*Problem description:* Look for the line containing "Elegant woman wearing" and the line containing "4105 Astoria Way, Columbia, MO" in the entries below. Copy those two and all lines between them exactly, leaving out pictures.

*** Opening of Records provided ***

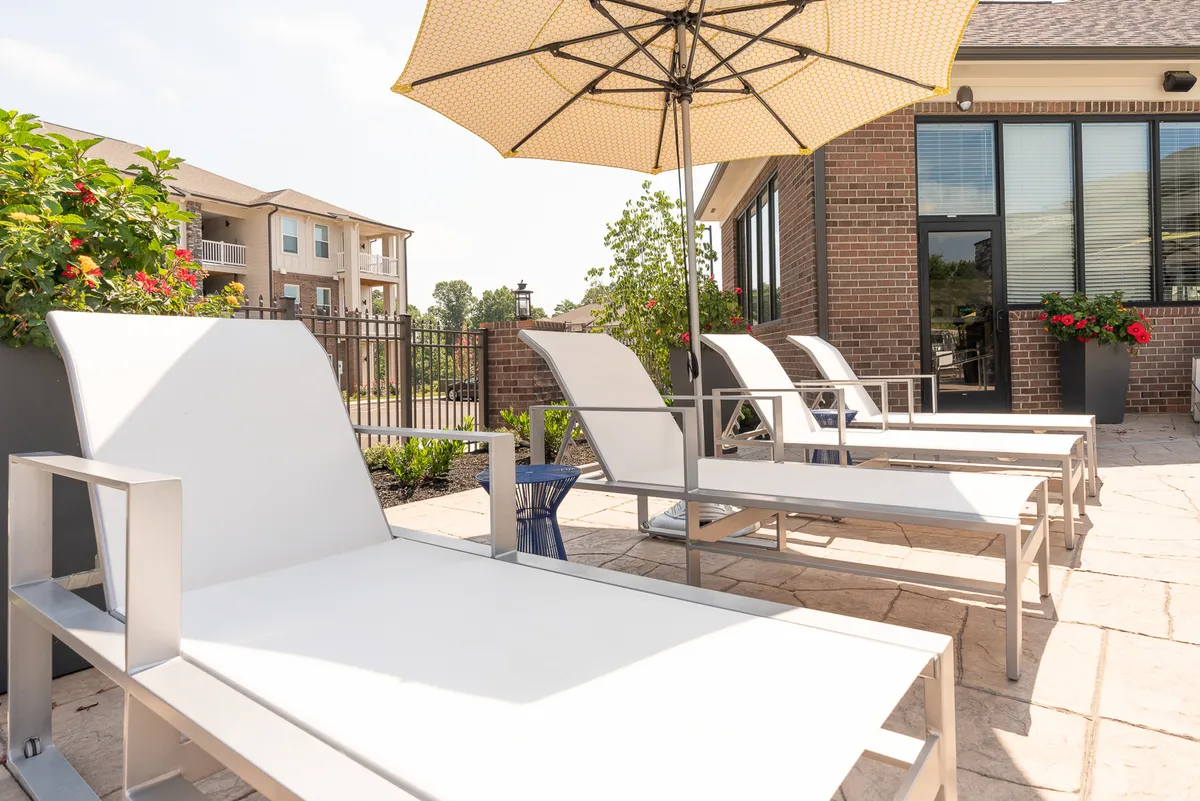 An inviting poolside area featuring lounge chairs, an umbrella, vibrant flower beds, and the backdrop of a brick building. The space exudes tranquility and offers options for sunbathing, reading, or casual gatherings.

*** Close of Records provided ***
*** Opening of Records provided ***

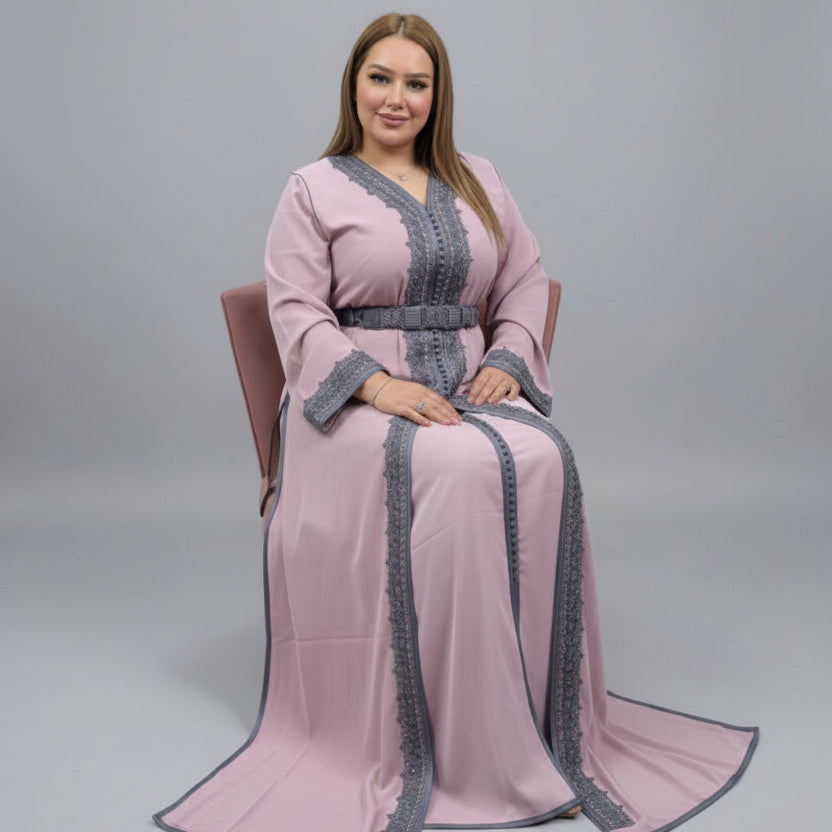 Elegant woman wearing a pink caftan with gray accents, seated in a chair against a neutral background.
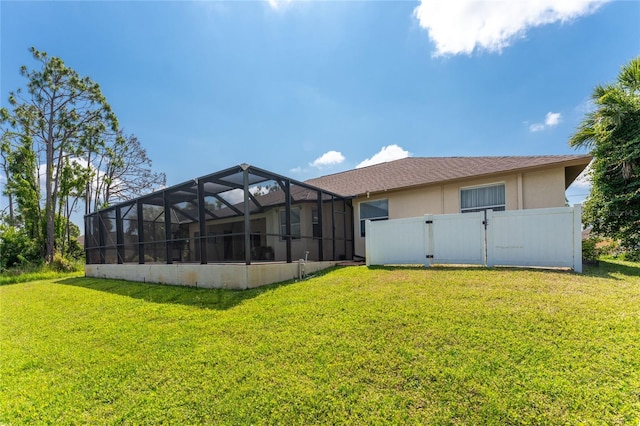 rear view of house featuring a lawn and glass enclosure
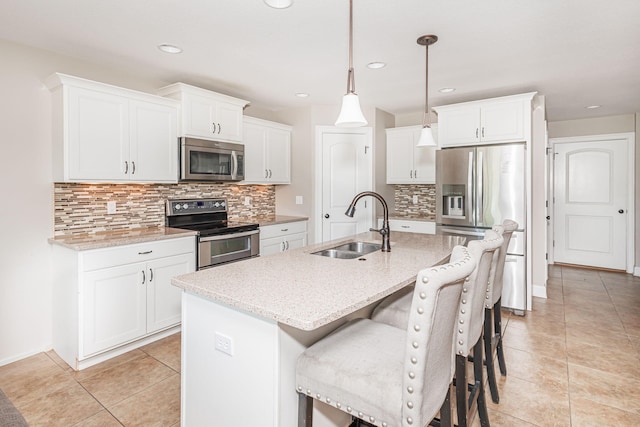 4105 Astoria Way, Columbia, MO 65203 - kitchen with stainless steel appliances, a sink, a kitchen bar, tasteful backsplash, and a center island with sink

*** Close of Records provided ***

*Exercise output:*
 Elegant woman wearing a pink caftan with gray accents, seated in a chair against a neutral background.
 rear view of house featuring a lawn and glass enclosure
 4105 Astoria Way, Columbia, MO 65203 - kitchen with stainless steel appliances, a sink, a kitchen bar, tasteful backsplash, and a center island with sink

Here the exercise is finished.